Merkel cell carcinoma (MCC) is a rare and aggressive skin tumor. The link between tumorigenesis and immunosuppression is well known and the increased prevalence of MCC in human immunodeficiency virus carriers and organ transplant recipients and in patients with hemato-oncological neoplasias is now well recognized over the past decade. In this respect, chronic lymphocytic leukemia (CLL) seems to be the most frequent neoplasia associated with the development of MCC. Very recently, a newly described virus, the Merkel cell polyomavirus, was found in ∼80% of MCC tumor samples and is in fact the first member of the polyomavirus family to be associated with human tumors.
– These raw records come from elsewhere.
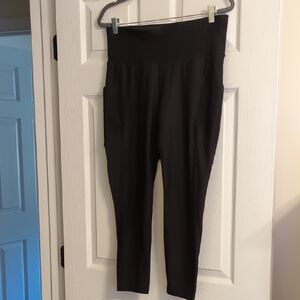 Xersion Women's Black Cropped Pants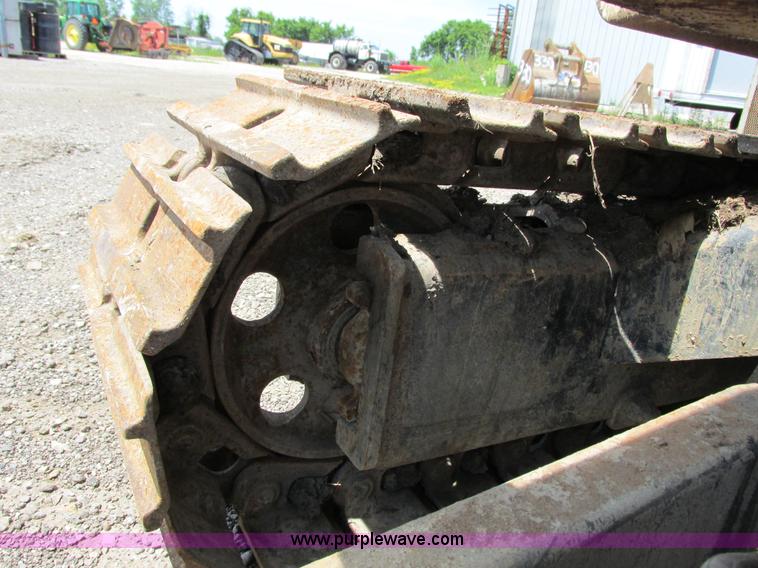 image for item G8674 2005 Terex HR14 mini excavator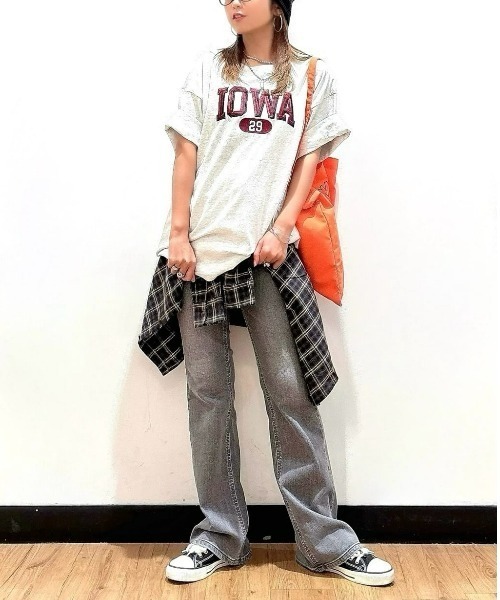 Right-on(ライトオン)の「タイポグラフィック刺繍Tシャツ(Tシャツ/カットソー・メンズ・ブルー/ホワイト/キナリ・M/L/XL)」の21枚目の写真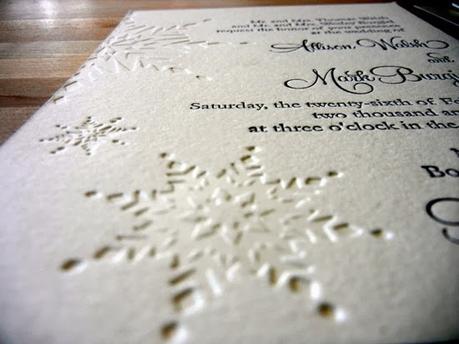 Invitaciones de boda con estrellas de hielo - Foto: www.whitecor.blogspot.com.es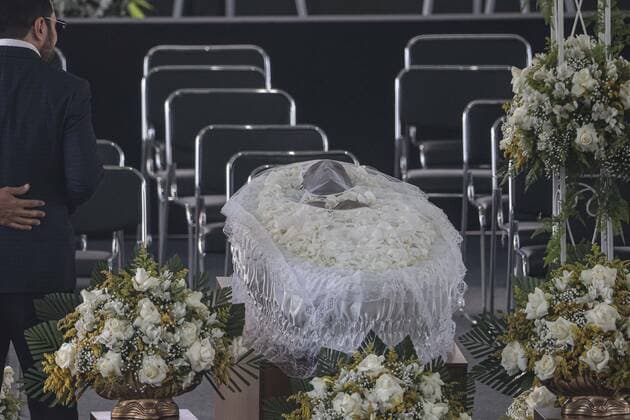 Brasilien, Totenwache für Fußballlegende Pele im Stadion des FC Santos in Sao Paulo Funeral of Pele in Santos. January 02, 2023, Santos, Sao Paulo, Brazil: Funeral of Brazilian soccer legend, Pele, held at Urbano Caldeira stadium in Vila Belmiro on Monday (02) with the presence of his son Edinho and family and FIFA President Gianni Infantino. Pele was admitted to the Albert Einstein hospital in Sao Paulo, where he died on December 29, 2022. Funeral of Pele in Santos.  Copyright: xAndrexPerax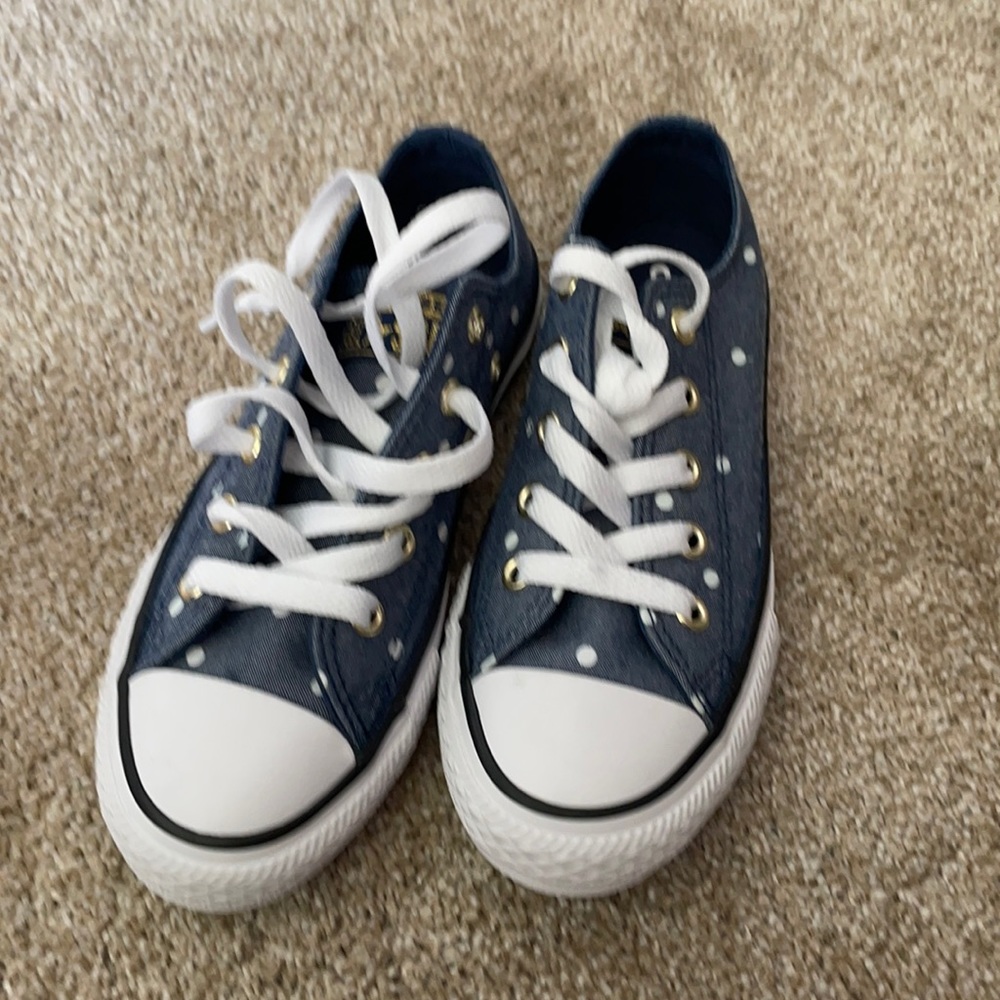 Girls size 12 converse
The virus appears to play a role in the pathogenesis of MCC and may constitute the missing link between immunosuppression and the development of MCC. This review summarizes the current knowledge relating to MCC and its pathogenesis, stressing the link with hematologic neoplasias in general and to CLL in particular. We describe the permissive immunologic environment, which enables the virus-containing tumor cells to survive and proliferate in disorders like CLL. More studies are still needed to confirm this appealing theory in a more convincing manner.